Northern Lights on Show for Next Few Days
Northerners who are starting to surface from the confines that kept them safe from the frigid temperatures that have encased much of North America might get a reward and be able to see the gorgeous northern lights for the next few days. Space weather forecaster Joe Kunches has stated that the Sun sent out an extremely strong solar flare late Tuesday evening. The solar blaze occurred when it was facing directly toward the Earth. That meant the energy from this burst may even continue to send energy this way for several days.
This type of condition is what ends up causing the northern lights. This solar flare might really shake up the Earth’s magnetic field and magnify the Aurora Borealis southward, going possibly as far down as central Illinois, Colorado and to the southern part of lower Michigan. The best possible viewing is believed to be Thursday evening, if the weather permits.

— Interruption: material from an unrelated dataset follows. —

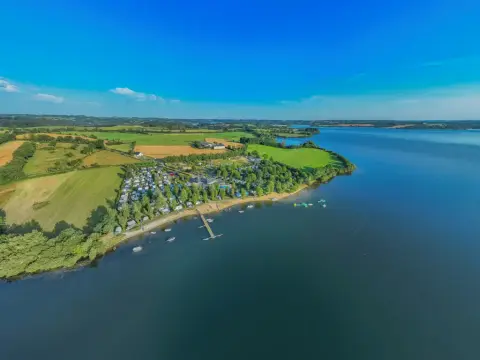 Camping Les Genêts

That is where the trouble comes in. Weather does not always cooperate. The main problem people find with getting to see the northern lights is cloud cover. In the deep cold of winter, there are usually a lot of clouds in the northern areas that can see the northern lights. There may be some good news this go-round. Weather forecasters have stated that for most of the viewing area, it is believed that cloud cover may be thin on Thursday evening but no one will know for sure until then. There are always sprinkled patches of clouds around the sky this time of year. There may be very good viewing for those who have the chance, but who knows for sure.

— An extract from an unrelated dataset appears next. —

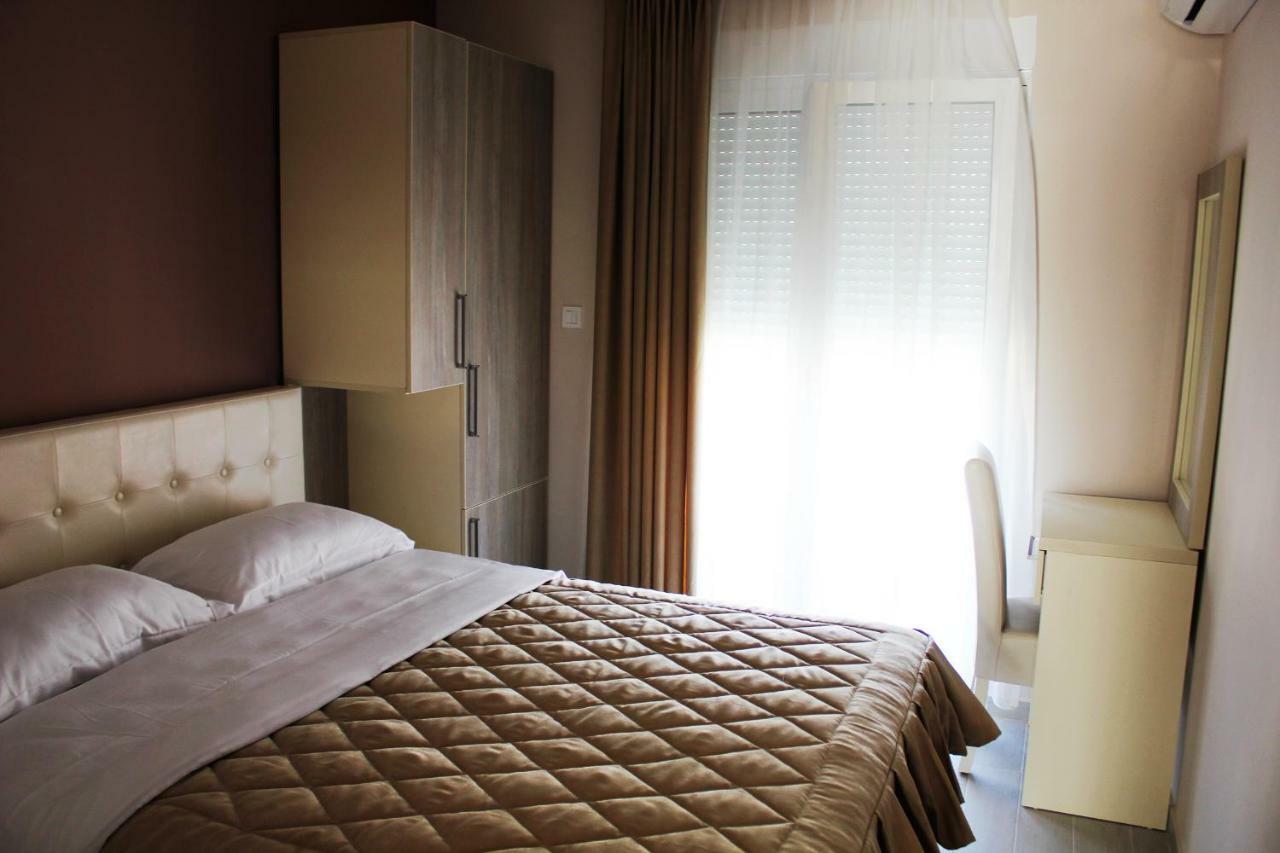 Bojana Pensionat Budva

The University of Alaska is stating that most of Canada and the northern parts of the United States should be able to see the northern lights without any problem. Boston, Chicago, Seattle, Cleveland and Des Moines might see the sparkling colors sitting low on the skyline.
This solar storm has already started causing problems for airline flights, causing them to have to be diverted around the poles and may even mess with various GPS devices on Thursday.
Weather forecasters also have a difficult time predicting just exactly when the northern lights will happen. The sky has to obviously be dark. The times of midnight to 5 a.m. are usually considered the best times when northern lights put on their greatest show.
This will be the very first northern lights display of 2014 for the United States and Canada. It may be a really good one since the solar flare was so strong. The solar flare on Tuesday ended up setting the stage for the possible bright display, which might happen across the northern part of the United States on Thursday night. It takes a solar flare to more directly face the Earth, as was stated above, so to have a much better chance of having strong auroras and for them to be visible.
If the northern lights do show up Thursday night, it may give northerners a bit of a boost from the frigid temperatures they have had to endure the past few days.